Macrocell performance can be improved by using adaptive downtilt to reduce interference
visibility, which in turn will reduce noise rise. However, the downtilt also
reduces the coverage footprint of the cell site. The other useful rule of thumb is to try
and position Node B sites close to the offered traffic to limit uplink and downlink code
power consumption. The effect is to increase cell range. Unfortunately, most sites are
chosen pragmatically by real estate site acquisition specialists and are not really in the
right place for a 3G network to deliver optimum performance.

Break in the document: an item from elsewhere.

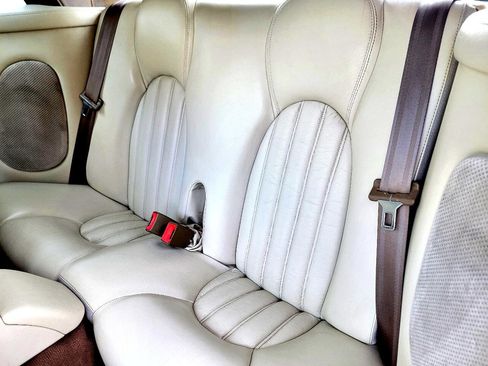 Used 2000 Jaguar XK8 Convertible image 31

Figure 11.17 shows how user geometry (how close users are to the Node B) determines
cell footprint. As users move closer to the cell center they absorb less downlink
code domain power. This means more code domain power is available for newcomers
so the cell footprint grows (right-hand circle). If existing users are relatively distant
from the Node B, they absorb more of the Node B’s code domain power and the cell
radius shrinks (left-hand circle).
Interference and noise rise can be reduced by using sectored antennas and arranging
receive nulls in a cloverleaf pattern. Typical Node B configuration might therefore
include, say, a single RF carrier omnidirectional antenna site for a lightly populated
rural area, a three-sector site for a semi-rural area (using 1 × RF carrier per sector), a
three-sector site configuration with two RF carriers per sector for urban coverage, or
alternatively, an eight-sector configuration with either one or two RF carriers per sector
for dense urban applications.

These configurations are very dependent on whether or not network operators are
allowed to share Node B transceivers, in which case four or more 5-MHz RF channels
would need to be made available per sector to give one RF channel per operator.